Excerpted data START

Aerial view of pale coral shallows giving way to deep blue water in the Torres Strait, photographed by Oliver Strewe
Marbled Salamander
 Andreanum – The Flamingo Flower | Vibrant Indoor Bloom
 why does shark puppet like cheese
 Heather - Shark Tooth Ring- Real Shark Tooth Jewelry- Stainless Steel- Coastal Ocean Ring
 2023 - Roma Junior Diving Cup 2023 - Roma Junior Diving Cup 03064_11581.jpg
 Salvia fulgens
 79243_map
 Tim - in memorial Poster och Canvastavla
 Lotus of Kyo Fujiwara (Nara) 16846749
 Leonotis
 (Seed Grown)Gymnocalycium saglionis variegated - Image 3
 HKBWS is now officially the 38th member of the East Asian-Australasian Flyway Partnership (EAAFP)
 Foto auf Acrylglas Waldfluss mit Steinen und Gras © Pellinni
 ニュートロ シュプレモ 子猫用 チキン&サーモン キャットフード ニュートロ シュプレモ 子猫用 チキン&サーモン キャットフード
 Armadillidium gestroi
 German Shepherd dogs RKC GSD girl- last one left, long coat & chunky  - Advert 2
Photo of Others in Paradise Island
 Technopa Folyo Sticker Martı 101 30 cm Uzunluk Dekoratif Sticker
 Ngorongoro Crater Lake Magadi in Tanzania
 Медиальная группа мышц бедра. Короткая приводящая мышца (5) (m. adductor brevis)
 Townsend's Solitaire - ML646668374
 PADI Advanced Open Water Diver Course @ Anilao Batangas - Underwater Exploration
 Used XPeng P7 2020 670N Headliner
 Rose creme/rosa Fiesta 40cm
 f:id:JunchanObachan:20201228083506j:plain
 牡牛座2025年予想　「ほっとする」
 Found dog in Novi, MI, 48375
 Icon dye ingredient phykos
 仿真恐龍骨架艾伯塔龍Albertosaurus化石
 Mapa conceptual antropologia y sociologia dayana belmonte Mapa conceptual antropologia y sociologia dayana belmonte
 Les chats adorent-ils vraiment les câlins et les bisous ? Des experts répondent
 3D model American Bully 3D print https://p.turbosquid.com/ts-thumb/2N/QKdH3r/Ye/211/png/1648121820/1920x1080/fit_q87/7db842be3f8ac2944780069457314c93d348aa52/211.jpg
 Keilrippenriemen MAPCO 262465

Excerpted data END

Task objective. Retype the portion of the data above that starts on the line with "Медиальная группа мышц" and finishes on the line with "Les chats adorent-ils", including both of those lines.

Output of the task.
 Медиальная группа мышц бедра. Короткая приводящая мышца (5) (m. adductor brevis)
 Townsend's Solitaire - ML646668374
 PADI Advanced Open Water Diver Course @ Anilao Batangas - Underwater Exploration
 Used XPeng P7 2020 670N Headliner
 Rose creme/rosa Fiesta 40cm
 f:id:JunchanObachan:20201228083506j:plain
 牡牛座2025年予想　「ほっとする」
 Found dog in Novi, MI, 48375
 Icon dye ingredient phykos
 仿真恐龍骨架艾伯塔龍Albertosaurus化石
 Mapa conceptual antropologia y sociologia dayana belmonte Mapa conceptual antropologia y sociologia dayana belmonte
 Les chats adorent-ils vraiment les câlins et les bisous ? Des experts répondent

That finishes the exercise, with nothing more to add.